Half of NYC Covid Hospitalizations Were Admitted for Other Reasons, State Data Shows

US
Army Sergeant Marlenny Medin asks a patient about his medical history at the Javits New York Medical Station, which supports local hospitals during the coronavirus outbreak in New York City, April 8, 2020. (Specialist Nathan Hammack/US Army/Reuters)

New York released data differentiating between hospitalized with coronavirus and those hospitalized with other maladies who tested positive for it after being admitted for the first time on Friday.

While there are 11,548 New Yorkers hospitalized who have tested positive for Covid, only 6,620 were admitted as a result of Covid or complications from the disease. That means that 43 percent of those counted were admitted for reasons believed to be unrelated to the coronavirus.

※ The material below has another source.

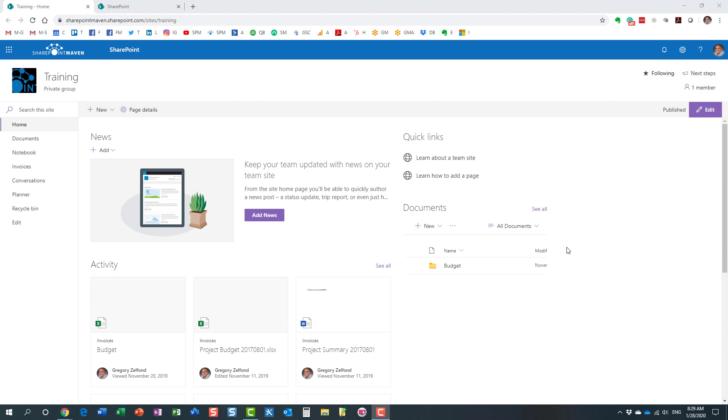Hello, this is Greg Zoltan from SharePoint Maven. Today I'd like to explain the difference between private and public Office 365 Groups.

This marks the first time that the state has counted and reported these numbers as separate groups. The Centers for Disease Control (CDC), which shows hospitalization data for all fifty states, does not presently make that distinction. It reports a 41.1 percent increase in its seven-day average of hospitalizations.

This novel breakdown in the case count comes as policymakers consider new restrictions and mandates in response to the rising case numbers driven by the Omicron variant. Across the country, mask mandates have been reinstated, and today, during oral arguments on a federal vaccine mandate at the Supreme Court, Justice Sonia Sotomayor suggested that “we have hospitals that are almost at full capacity with people severely ill on ventilators. We have over 100,000 children, which we’ve never had before, in serious condition, many on ventilators.”

For the week ending on January 1, the CDC pegged the number of children hospitalized with Covid at 140, and that includes those hospitalized for reasons other than the virus. During a briefing on Friday, CDC director Rochelle Walensky nevertheless touted an increase in pediatric hospitalizations,

Massachusetts has announced that it too will begin sorting the two groups. The change in reporting, if it is eventually adopted by other states and the CDC, could alter the national debate over the risks associated with contracting Covid and the merit of various restrictions meant to combat it.